# Feeding Swarms 1:1?



## betrbekepn (Aug 7, 2006)

My plan for 07 is to populate my apiary with local feral swarms. What's your guys opinion on feeding a captured swarm 1:1 sugar syrup to get them started? I'd rather not feed them so I don't have to buy feeders\feed.


----------



## Michael Bush (Aug 2, 2002)

>What's your guys opinion on feeding a captured swarm 1:1 sugar syrup to get them started? 

The swarm obviously wasn't planning to be fed, but it will give them a much more reliable start.


----------



## BULLSEYE BILL (Oct 2, 2002)

*Jump start*

If you want them to really kick in, not only give them syrup, but add a little pollen patty and a frame of brood from one of your other hives every week for about a month. If they don't use the patty or the syrup, remove it, but keep adding frames of brood. If you do this you might even get some surplus honey from them this year.

Most of the queens you get with swarms are not desirable queens. They are the old queens and queens being replaced. The exception is the small afterswarm, it is usually a new queen.

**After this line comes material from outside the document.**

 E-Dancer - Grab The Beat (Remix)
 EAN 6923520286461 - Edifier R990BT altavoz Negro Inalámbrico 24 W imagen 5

When you get a monster swarm consider pinching the queen after she starts laying and let them raise a fresh one. If you keep adding brood frames as mentioned above, you will not set them back very much.


----------



## betrbekepn (Aug 7, 2006)

Thanks MB\BB!


----------



## Jeffzhear (Dec 2, 2006)

Just out of curiosity; Is a 1 to 1 ratio of sugar to water by weight, close to a 1 to 1 ratio by volume? I had always mixed it by volume, but maybe I was mixing it wrong?


----------



## Michael Bush (Aug 2, 2002)

>Just out of curiosity; Is a 1 to 1 ratio of sugar to water by weight, close to a 1 to 1 ratio by volume? I had always mixed it by volume, but maybe I was mixing it wrong?

Since a pint of water weighs a pound and a pint of sugar weighs a pound, you can do it anyway you like.

Just take a wuffle of sugar and a wuffle of water and mix them and you'll have 1:1 syrup. It doesn't matter WHAT a wuffle is.


----------



## Jeffzhear (Dec 2, 2006)

Michael, ty....so I will continue as I have been.


----------